Eserimizde toplumların peygamberlere karış gösterdikleri ortak karşı çıkışları konulu tefsir yöntemine yakın bir biçimde ele aldık. Risalet karşıtı itirazları işlerken, peygamberleri değil karşılaştıkları tepkileri merkez nokta olarak aldık. Ancak yine de tavırları incelerken, peygamberlerin geliş sıralarına özen göstermeye çalıştık. Bazı peygamberler Kur'an-ı Kerim’de özet olarak anlatıldığı için alt başlıkları her zaman her birine bir peygamber ismi düşecek şekilde belirlemedik. Çünkü aslolan “karşı tavırlar”ı göstermekti. Bu anlamda peygamberlerin gündeme getirdiği bazı konuların bazı dönemlerde daha yoğun olarak tepki alması nedeniyle bölümlemelerde her zaman birbirine yakın uzunlukta anlatım belirleyemedik. Örneğin mûcize konusu Hz. Musa döneminde yoğun şekilde işlenirken, atalara bağlılığın Hz. Muhammed (s) döneminde daha büyük bir problem olarak ele alındığını gördük. Bu nedenle bazı dönemleri kısaca ele alırken, bazı dönemleri ayrıntılı bir şekilde işlememiz gerekti.

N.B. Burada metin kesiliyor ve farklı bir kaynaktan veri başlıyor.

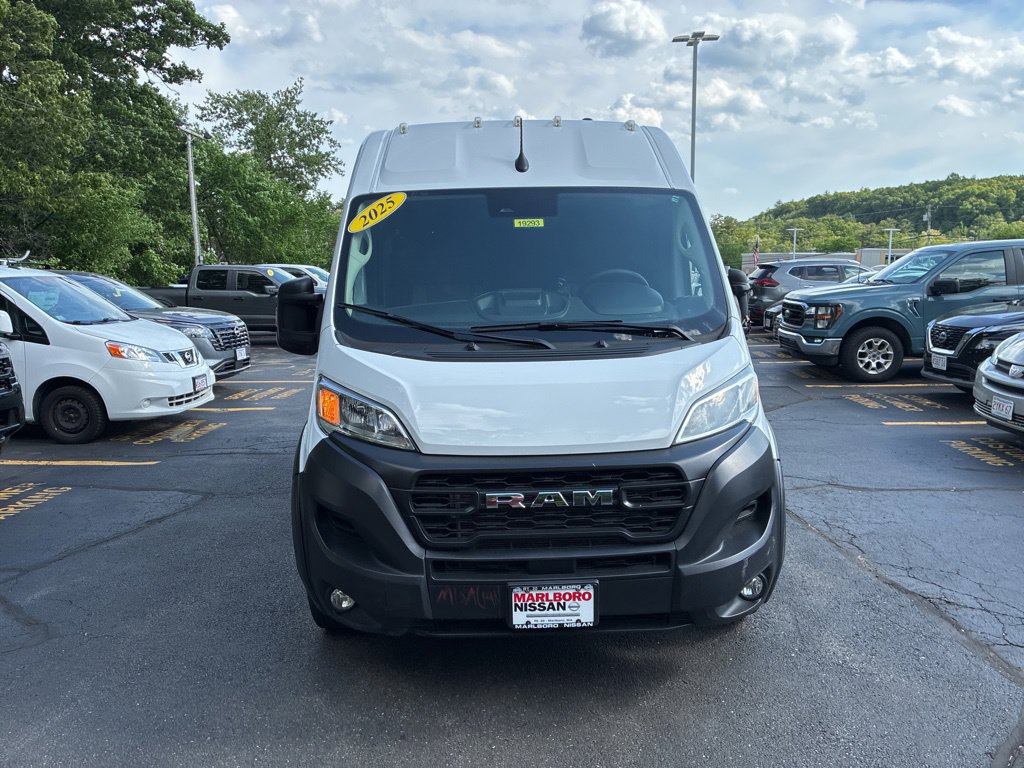 Used 2025 RAM ProMaster 2500 w/ Convenience Group FWD image 2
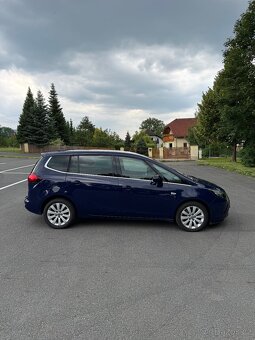 Opel Zafira 1.4T r.v 12/2105 LPG , 7 míst , tažné , - 4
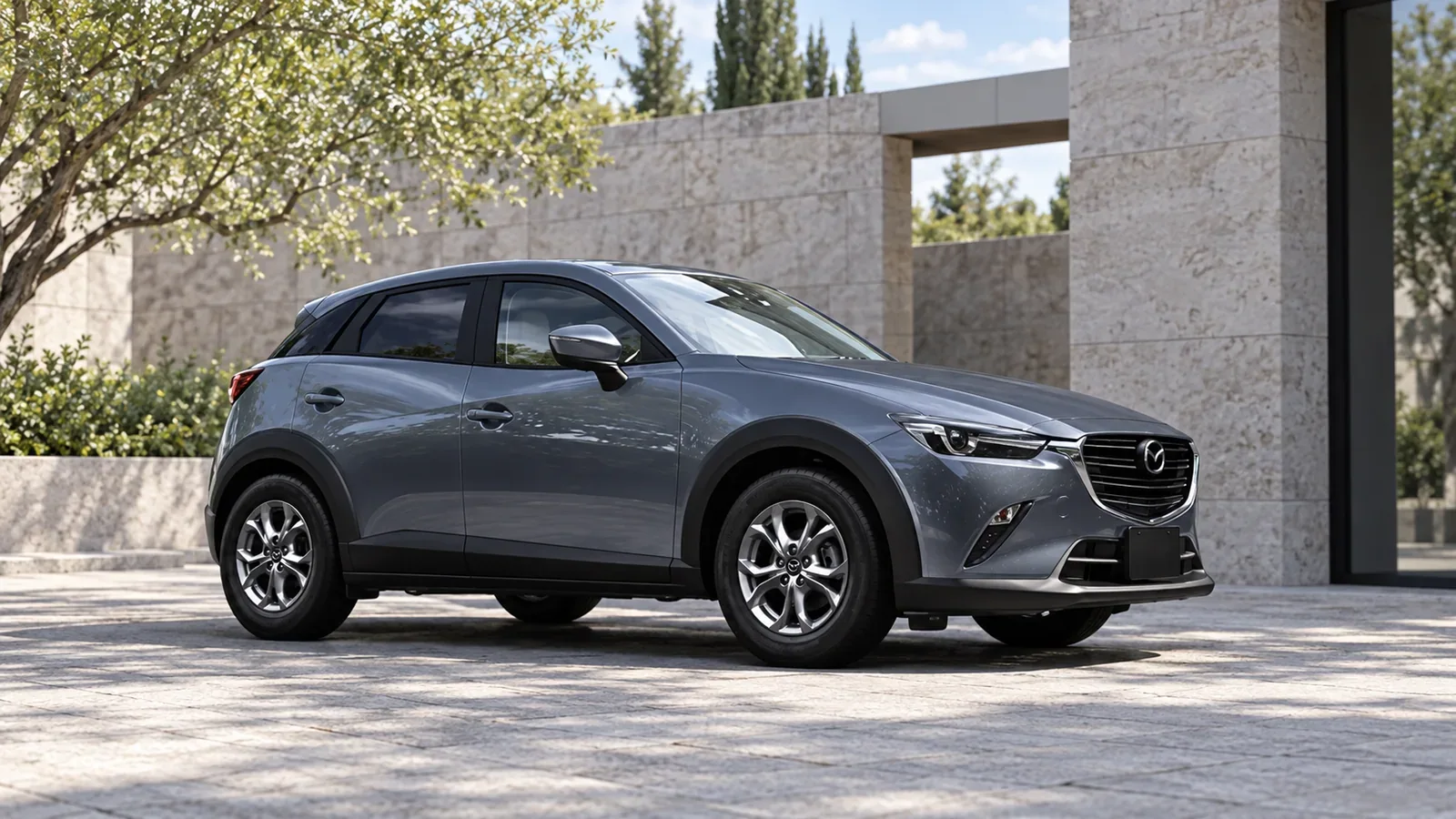 Серая японская Mazda CX-3 15S, передний ракурс с характерной решёткой и узкими фарами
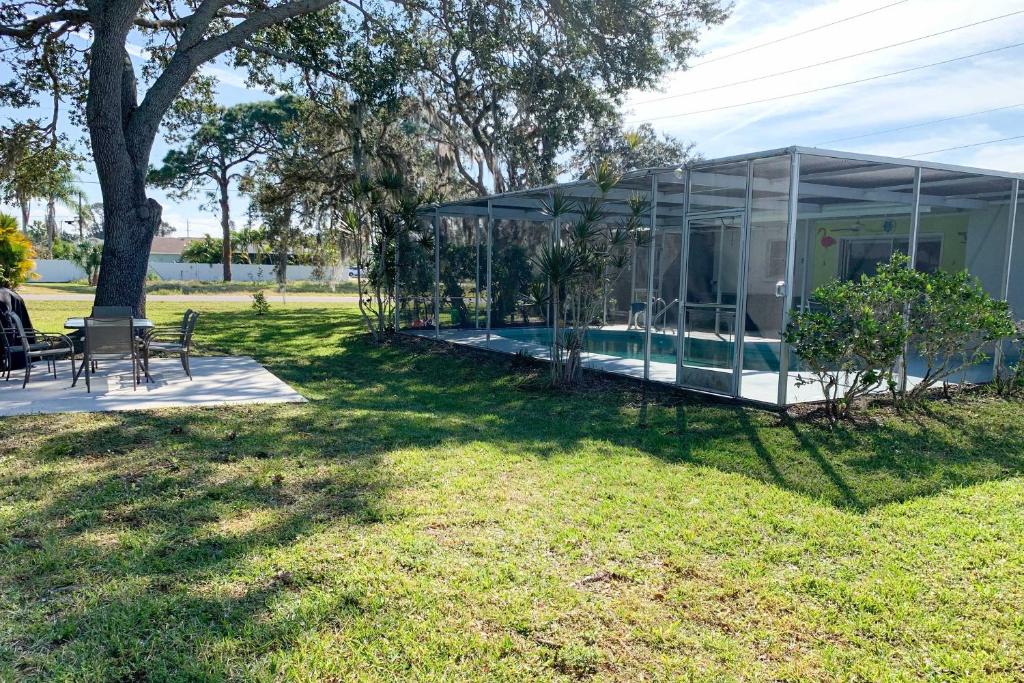 Quiet Venice Retreat with Private Lanai and Pool! photo 3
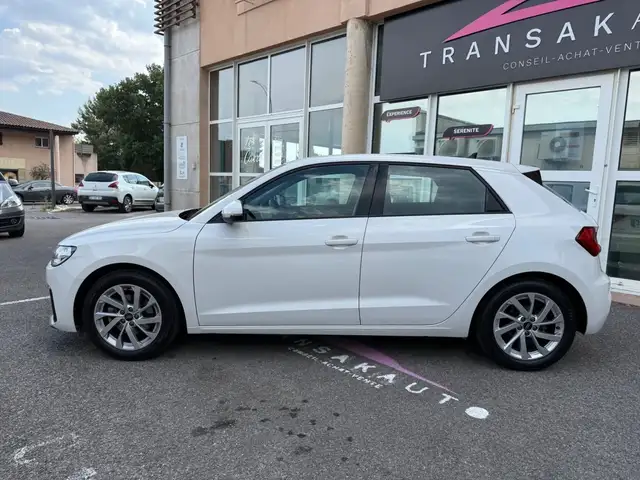 Audi A1 view 8
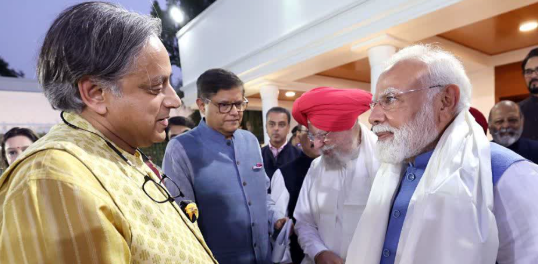 शशि थरूर ने पीएम मोदी को दी जन्मदिन की शुभकामनाएं, कांग्रेस में फिर उठे सवाल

Memleket: Eserinizi bu konuda yapılmış diğer çalışmalardan farklı kılan nedir?
Murat KAYACAN: Peygamberlere karşı çıkanların ortak itirazlarını ortaya koyarken yakalayamadığımız yönler olabilir. Bu eksiklik, konunun ele alınış bakımından bildiğimiz ilk çalışma olmasındandır. Ve kitabımız “ortak itirazları belirleme konusundaki” çalışmalara bir önsöz niteliğinde görülmelidir. Eserimizin bu konudaki diğer çalışmalardan farkı konusunda da şöyle diyebiliriz: Toplumsal yasa konulu yapılan çalışmaların çoğunda toplumların akıbetleri üzerinde yoğunlaşılmışken bizim çalışmamızda cezalandırılmaya neden olan tavırlar üzerinde durulmuştur.
Memleket: İnanmayanların ortak tepkilerini ele alırken peygamberlere “karşı” tavırların altında ne tür bir sebep yattığını gördünüz?
Murat KAYACAN: İnanmayanların ortak tepkilerini ele alırken, onları bu tavra iten sebepleri ele almaya ve itirazlarının tutarsızlıklarını göstermeye gayret ettik. Gördüğümüz kadarıyla onların inkâr amaçlı tüm talepleri kabullenmelerini değil yalanlamalarını artırmıştır. Yani tüm itirazlarının temelinde yalanlama vardır. Bu nedenle, peygamberlere karşı olumsuz tavır içinde bulunan kimselerin yalanlamalarının akıbetini de ele aldık. Peygamberlere yapılan hakaret, aciz kılma gayretleri, onların atalarından uzaklaşma yanlışına düştükleri vb. tüm itirazlar aslında yalanlamanın türleridir. Yalanlama inkâr amaçlı tüm menfi tavırların ana başlığıdır. Ayrıca bu mefhumun kullanıldığı Kur'an âyetlerinin büyük bir çoğunluğu aynı zamanda risalete tepki gösterenleri bekleyen kötü sonu da işlemektedir.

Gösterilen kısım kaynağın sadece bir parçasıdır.